Page 1 of 1

remove html tables

Posted: Tue Aug 24, 2010 6:15 am
by coletek
Why doesn't the following remove all table data from html:

Code: Select all

$pattern[] = '/<table(.*)>(.*)<\\/table>/';
$replace[] = '';

 $filtered_html = preg_replace($pattern, $replace, $html);
shouldn't this match <table*>*</table>?

Re: remove html tables

Posted: Wed Aug 25, 2010 4:43 am
by amargharat
Use following code,

Code: Select all

$pattern[] = '/<table(.*?)>(.*?)<\\/table>/';
$replace[] = '';

 $filtered_html = preg_replace($pattern, $replace, $html);

Re: remove html tables

Posted: Wed Aug 25, 2010 5:04 am
by coletek
Why doesn't (.*) work then:
. matches any character
* specifies that the previous character can be matched zero or more times.
? specifies that the previous character can be matched once or zero times.

So wouldn't (.*) suffice? (.*?) makes no sense to me, it matches any char zero or more times, and one or zero times? Can you please explain how (.*?) works compared to (.*)

thx.

Re: remove html tables

Posted: Wed Aug 25, 2010 5:43 am
by amargharat

Re: remove html tables

Posted: Fri Aug 27, 2010 9:08 pm
by ridgerunner
To do this right is not a trivial problem!

Several problems with your regex. First, as written, the .* (dot-star) in your regex only matches up to the next end of line which is not what you want. (by default the dot does NOT match a newline character). This is where the 's' "single line" option flag is needed. (See this page for a descriptions of all the available PHP modifier flags.) It is also known as the dot matches all flag. Without the 's' modifier, the .* stops at the first linefeed, but with the 's' modifier, the dot truly matches anything, including linefeeds and will thus match all the way to the end of the string. Which brings us to...
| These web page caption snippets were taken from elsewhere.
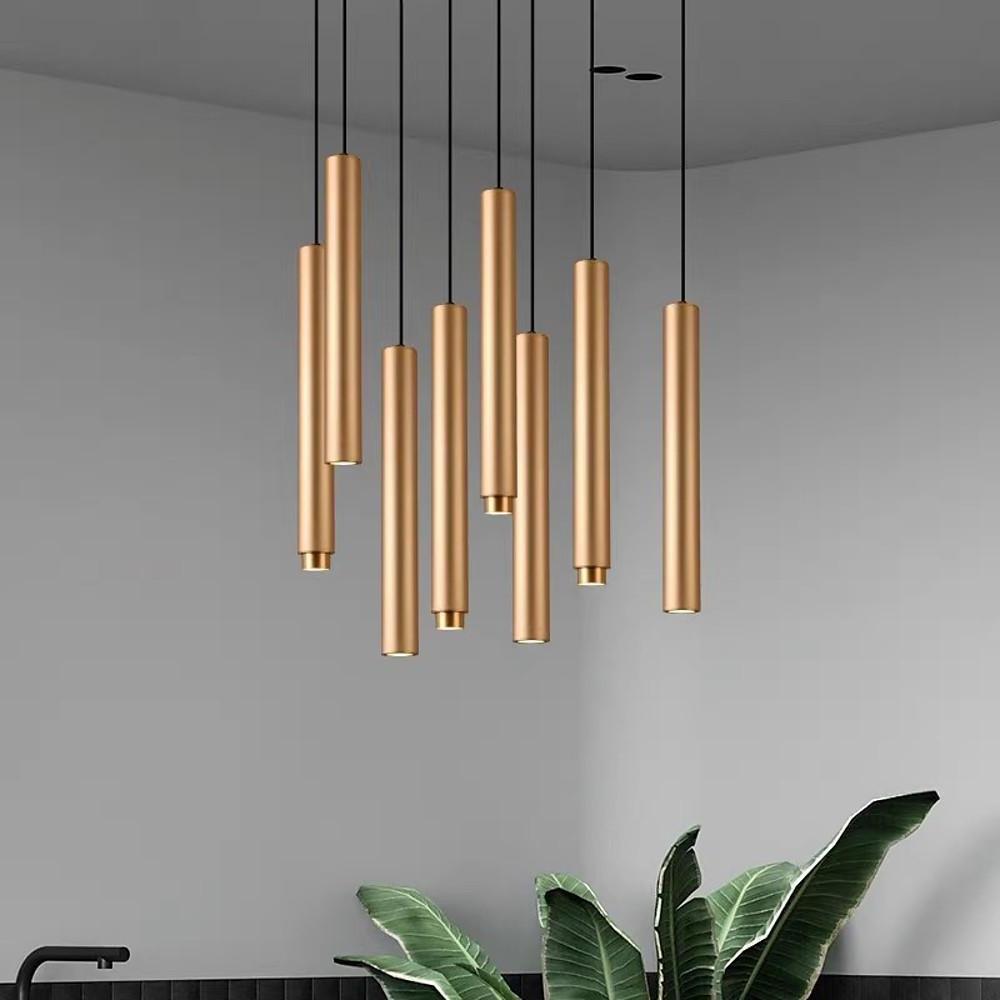 Modern Gold Cylindrical LED Pendant Light Adjustable Hanging Island Lighting for Kitchen and Dining Room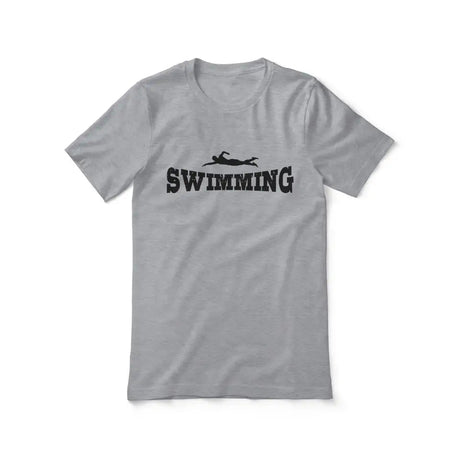 Basic Swimming with Swimmer Icon on a Unisex T-Shirt with a Black Graphic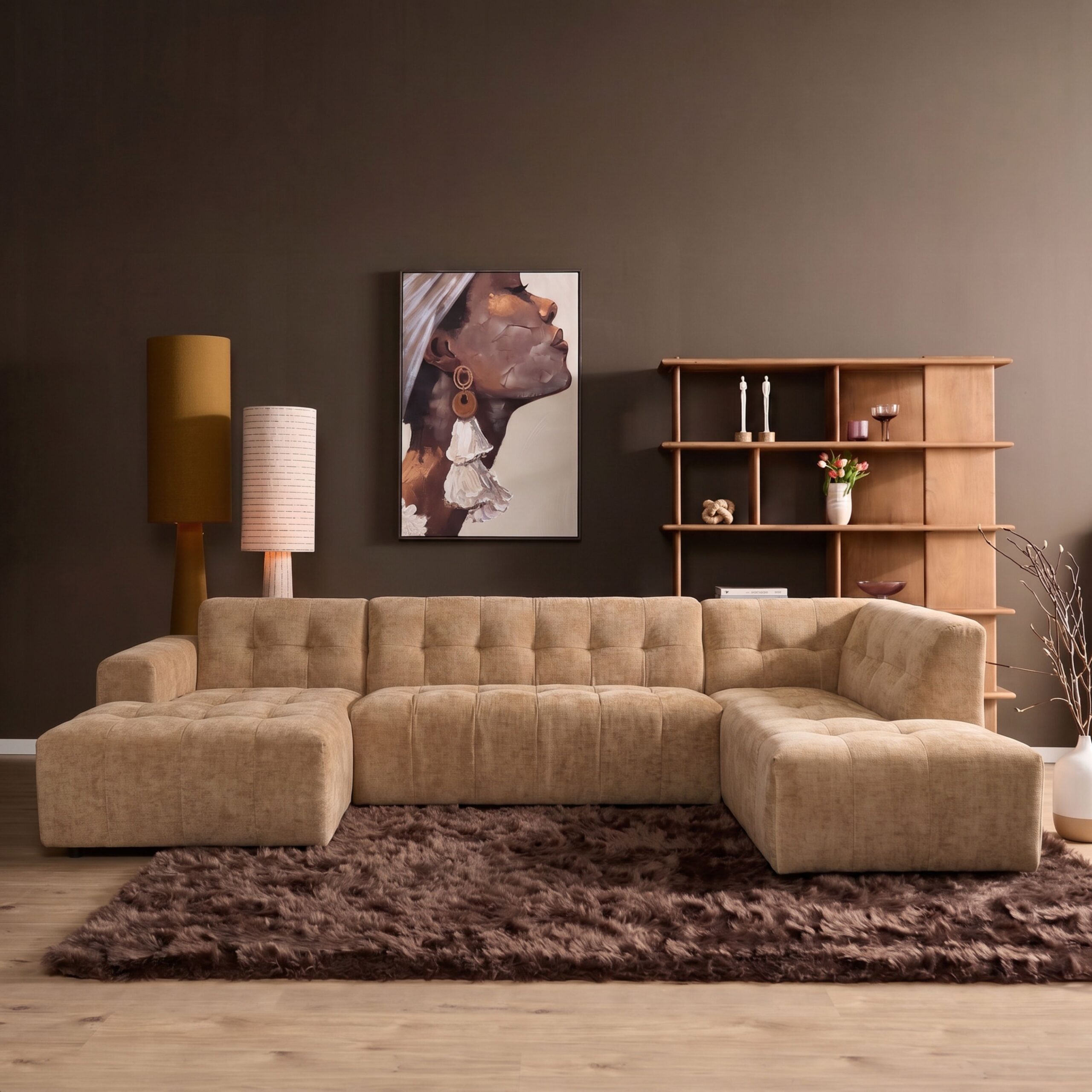 MySofa Ruby U-bank Camel Lounge L + 2,5 + Ottomane R - Starfurn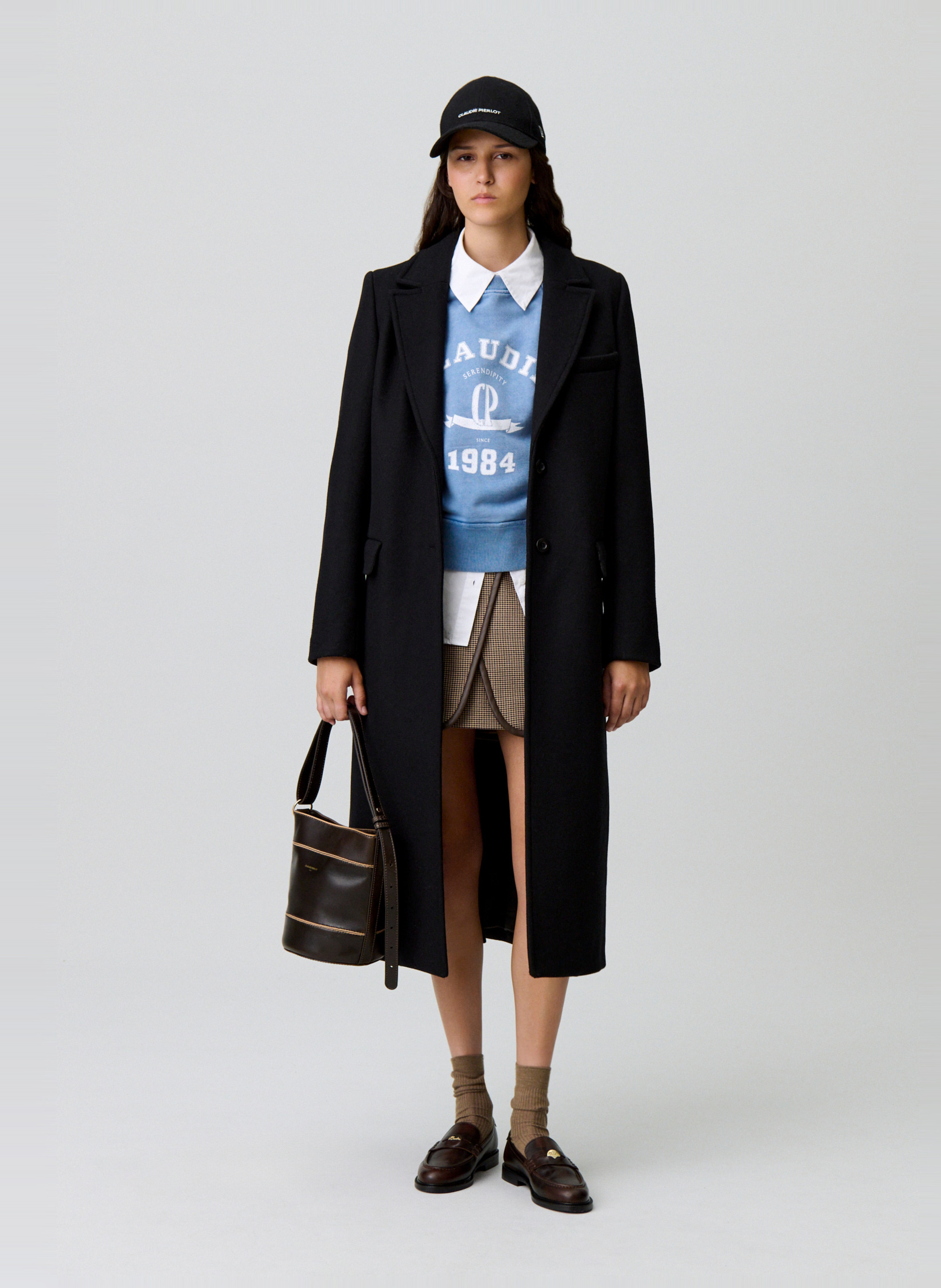 Manteau mi-long oversize uni ginny CLAUDIE PIERLOT Noir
The second problem, the .* dot-star expression is a very big hammer that is rarely needed or warranted. And your regex has two of them (which can easily lead to catastrophic backtracking - a place you do not want to go!) As amargharat eluded, the .* is too greedy and eats all the characters all the way to the end of the string, (which will erroneously go past any and all other <tables> and everything else as is goes!). Lets take a closer look at just the first part of your regex (and add the 's' modifier) which is trying to match an opening table tag:

Code: Select all

regex = '/<table(.*)>/s';
What this regex is saying in english is: First match "<table" literally, then greedily match (and capture into group $1) zero or more of anything all the way to the end of the string, and then give back one char at a time until you can match a literal ">" and then stop. The following example highlights in red what this regex actually matches:

$html = 'stuff before table <table id="table1"><tr><td>AA</td></tr></table> <em>this is emphasized</em> stuff at the end';

As you can see this is clearly not what you want! As amargharat suggested, you can use the non-greedy, or lazy version of the dot-star which looks like this: ".*?" (Note that the ? has a special meaning when it follows any quantifier; e.g. X??, X*?, X+?, X{1,9]?.) The lazy-dot-star does not immediately grab everything up to the end of the string (like the greedy version), but rather does just the opposite; it is lazy so it trys to match as few chars as possible before trying to match what follows the quantifier. So adding the lazy modifier to your original regex fixes some of the problems:

Code: Select all

$pattern[] = '/<table(.*?)>(.*?)<\/table>/si';
This is very close to what amargharat posted (however, that regex was also missing the needed 's' modifier). I've also added the 'i' ignore-case modifier, since you probably want to remove uppercase tables too. This regex now accurately matches a (non-nested) table, but note that it may still be subject to catastrophic backtracking if it is fed mal-formed HTML markup.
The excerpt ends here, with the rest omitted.